According to a talk by John Vervaeke, there are four ways of knowing. Of these four, there's only one that Generative AI (GenAI) and LLMs, like ChatGPT and its competitors, can accomplish (sort of).
When we think about educating our young people with knowledge in mind, expanding our notion of what it is to know will open our approaches to teaching and learning in ways that will continue to develop their ability to think both creatively and critically.
For all those involved in schooling who have been obsessed with instructional practices for the past 40+ years, this is a significant point of tension. For those of administrators who are “data-driven” and inadvertently squeezing the life out of classroom teaching, consider the harm you are committing to the well-being of those you lead.

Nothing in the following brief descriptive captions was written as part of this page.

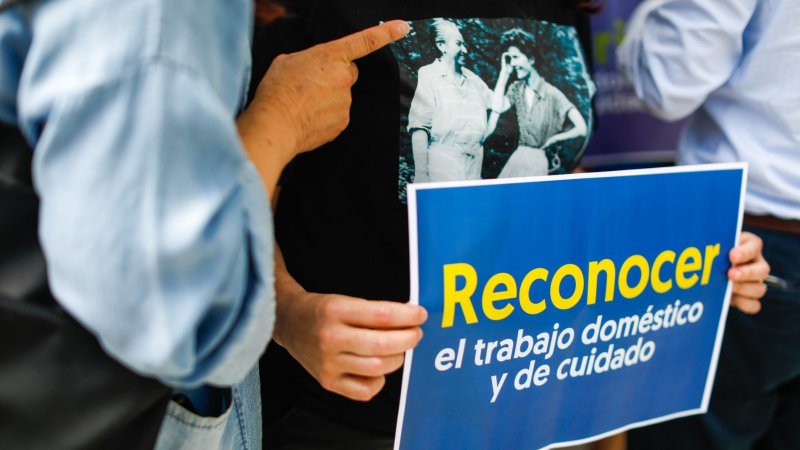 Mujeres destinan en promedio cinco horas diarias a trabajos domésticos y de cuidado
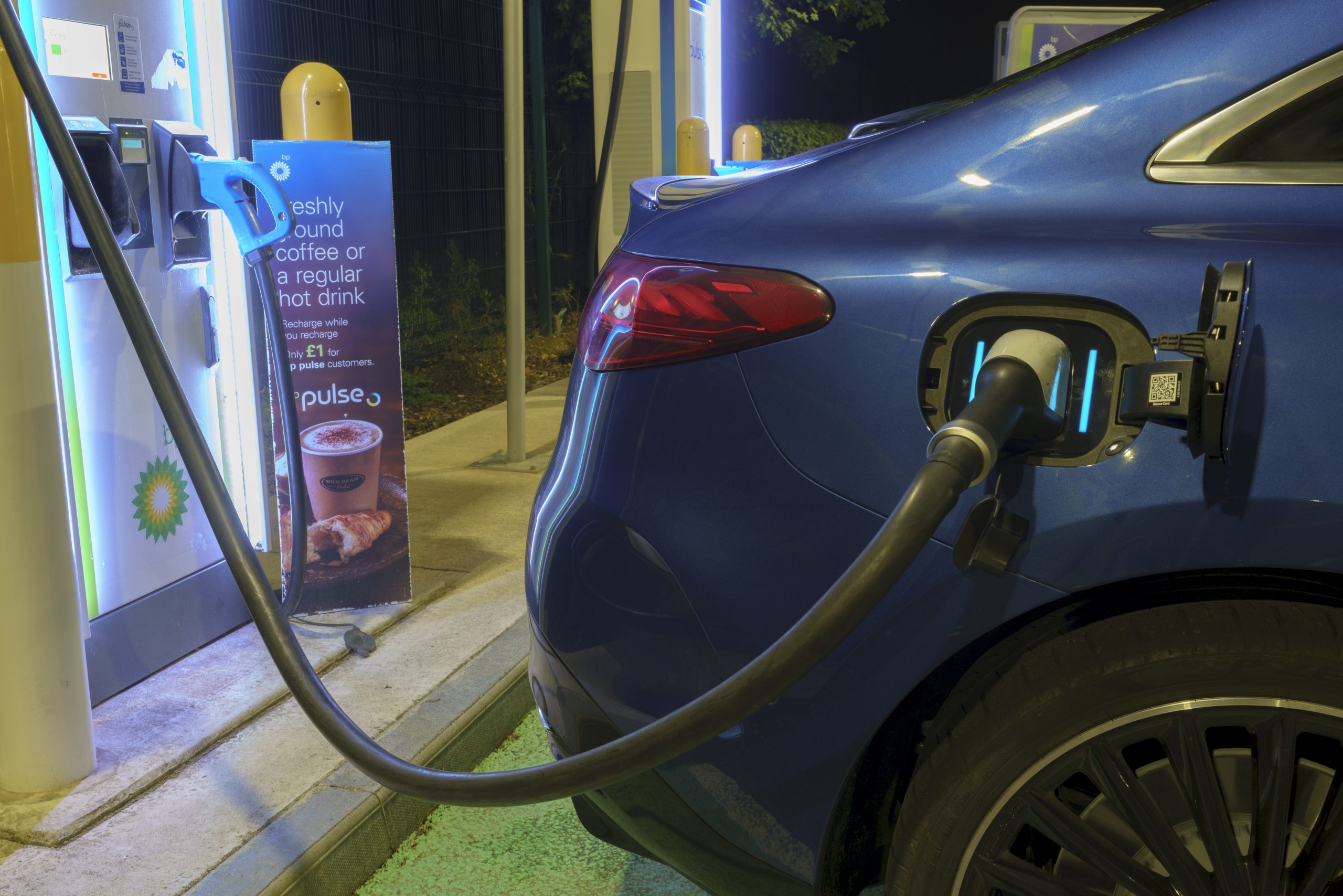 Electric vehicle on charge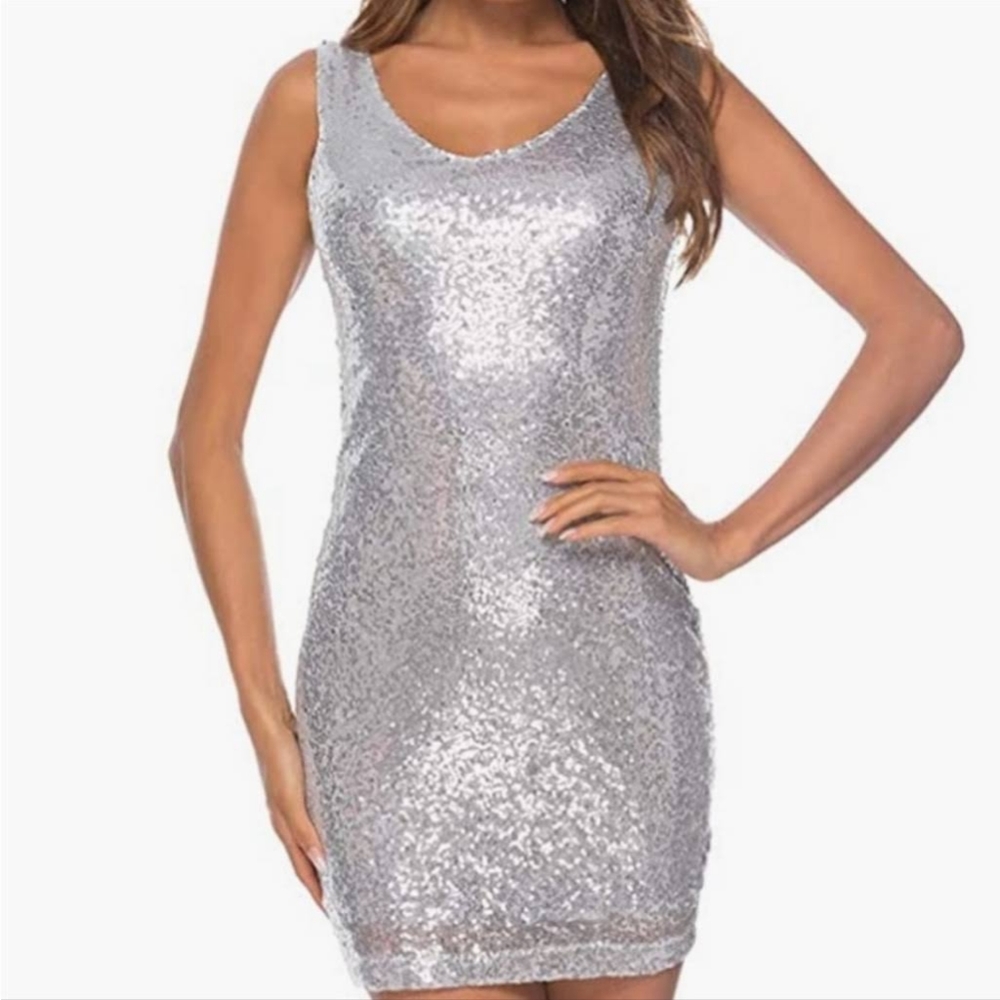 Crystal Doll sz Xs silver sequin stretchy body con dress nwt macys
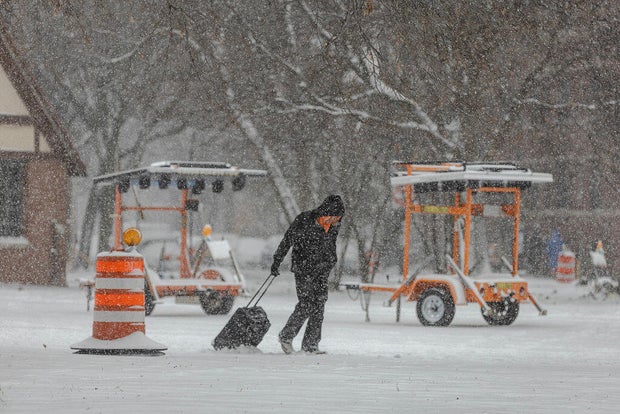 Chicago Scraps Flights As Major Storm Brings Snow To Midwest 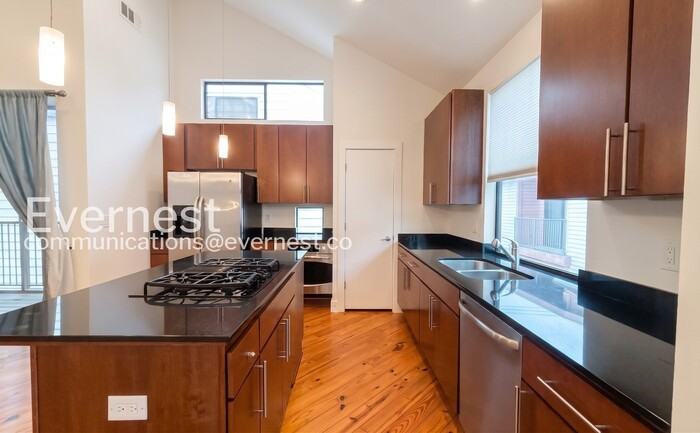 4508 Maxie St #B - Photo 3 of 29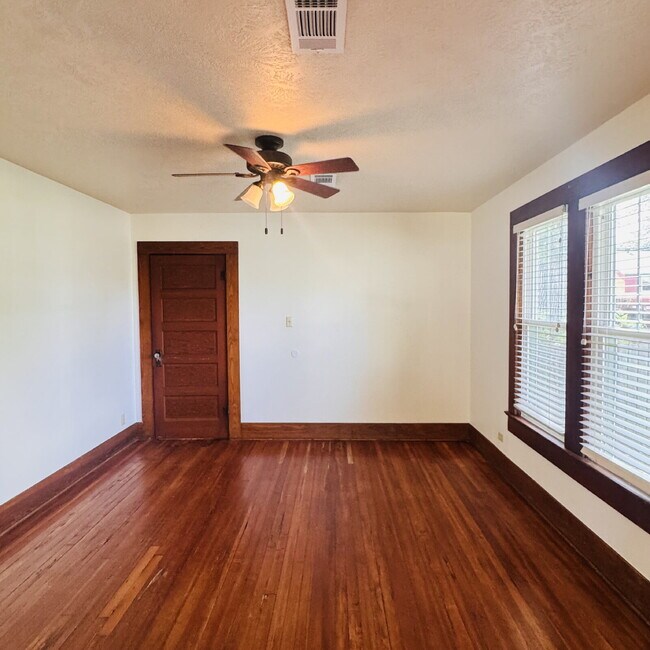 Photo - Spacious Single-Family Home in the Heart of Port Neches, TX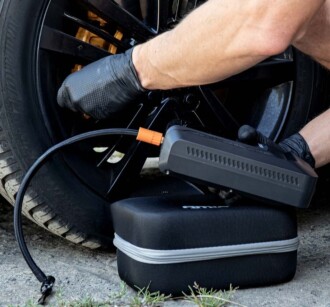 Startovací zdroj 4v1 12V 12Ah 1600A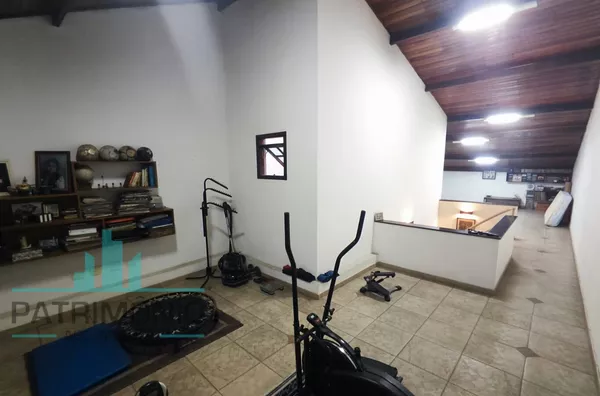 Sobrado Espaçoso com 3 Suítes e 4 Vagas – Bairro Osvaldo Cruz. - Foto 34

Use this scale for ways of knowing as your guide.
Here is an overview of four types of knowledge that can help keep education relevant now and into the future.
1. Propositional Knowing (Knowing That...)
This is what GenAI is really good at mimicking because they have trained on a data-set, a whole internet database of information, testimony, facts, and opinions.
When you ask it something, or prompt it to provide an answer, it's able to come back to you with the information that is available to it, and what you are looking for. These are static descriptions or generally accepted value-judgments about the world. They sit in the form of propositional statements or declarative sentences.
Examples:
Knowing that Ottawa is the capital of Canada.
Knowing that cats and dogs rarely get along.
Knowing that AI is disrupting education
Knowing that squares have 4 equal sides and four ninety degree angles.
Some are true, some are false, some are debatable.
For the debatable sentences, typically GenAI will draw on statistical occurrences to determine its own position on the matter.
GenAI is able to produce an impressive amount of text but typically it only does so in a way that lists, describes, explains, and compares the different information that is already available to it. It is not able to produce novel insights that go beyond the intentions or the goals of the user.
2. Procedural Knowing (Knowing How...)
This is the type of skill building that we do or the skills we have as embodied beings.
Examples:
Knowing how to ride a bike
Knowing how to use language fluently and effortlessly
Knowing how to driving a car
Knowing how to train yourself to react a certain way in any particular sport
Knowing how to follow a routine in synchronized swimming
Knowing how to give a live performance on stage
Knowing how to think and act like a scientist
Certainly, GenAI can provide us tips and manuals on how to accomplish this type of skill building, but it's not something that can just be automatically infused into your body and inform immediate habitual action.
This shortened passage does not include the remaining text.